While rent-control increases for 2013 are set to be capped at 2.5% for Ontario and 3.8% for B.C., newer-build condominiums in the former are largely exempt from those limits, something not all investors know.
“I think part of the challenge is that a lot of current smaller investor-owners aren’t aware of the permutations of the Residential Tenancies Act in terms of the latitude they have to increase rents beyond rent control,” says Somers.
That ignorance comes at a cost to the bottom-line of many investors, increasingly dependent on rental increases to meet cash flow expectations.

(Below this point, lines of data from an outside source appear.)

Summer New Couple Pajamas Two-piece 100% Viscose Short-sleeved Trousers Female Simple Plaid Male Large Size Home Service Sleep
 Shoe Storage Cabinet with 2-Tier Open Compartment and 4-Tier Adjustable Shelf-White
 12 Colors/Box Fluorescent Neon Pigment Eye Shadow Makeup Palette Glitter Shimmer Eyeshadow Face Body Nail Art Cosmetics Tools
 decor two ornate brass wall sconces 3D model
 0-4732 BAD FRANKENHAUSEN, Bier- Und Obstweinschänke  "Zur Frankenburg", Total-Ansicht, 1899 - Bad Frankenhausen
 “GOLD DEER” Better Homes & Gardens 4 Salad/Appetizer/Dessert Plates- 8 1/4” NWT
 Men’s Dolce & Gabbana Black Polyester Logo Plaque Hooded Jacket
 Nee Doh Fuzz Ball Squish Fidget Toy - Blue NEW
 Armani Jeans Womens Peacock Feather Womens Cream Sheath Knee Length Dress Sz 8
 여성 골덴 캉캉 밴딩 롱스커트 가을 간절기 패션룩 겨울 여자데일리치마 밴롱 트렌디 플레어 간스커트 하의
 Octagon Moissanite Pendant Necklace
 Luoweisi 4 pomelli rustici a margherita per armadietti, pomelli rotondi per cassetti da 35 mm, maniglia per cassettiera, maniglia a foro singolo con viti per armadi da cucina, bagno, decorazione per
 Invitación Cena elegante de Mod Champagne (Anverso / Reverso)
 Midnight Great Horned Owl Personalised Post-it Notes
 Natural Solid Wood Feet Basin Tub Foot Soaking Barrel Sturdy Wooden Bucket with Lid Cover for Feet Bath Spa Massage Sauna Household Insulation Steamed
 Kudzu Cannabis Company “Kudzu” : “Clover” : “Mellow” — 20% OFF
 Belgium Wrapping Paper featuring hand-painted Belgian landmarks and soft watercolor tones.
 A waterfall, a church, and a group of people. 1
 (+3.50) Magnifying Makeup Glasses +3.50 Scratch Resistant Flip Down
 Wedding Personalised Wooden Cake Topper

“We’re getting to a point right now where a lot of these small investors are counting on the financing costs of carrying their units being offset, if not almost entirely, by the rents they can command,” says Somers. “The market, overall, given rent control, is getting close in some places where that might not be feasible, especially as mortgage rates increase.
“So, some of these small investors are potentially getting caught in a bit of a squeeze.”
It may fall to their real estate professionals to keep them out of that crucible, says Somers.
“Brokers should be engaging in an active dialogue with their clients around what is and isn’t acceptable from a Residential Tenancies Act point of view,” he says, “We’re always trying to act in our clients’ best interest relative to commanding what the market will bear for them as a return on their investment.”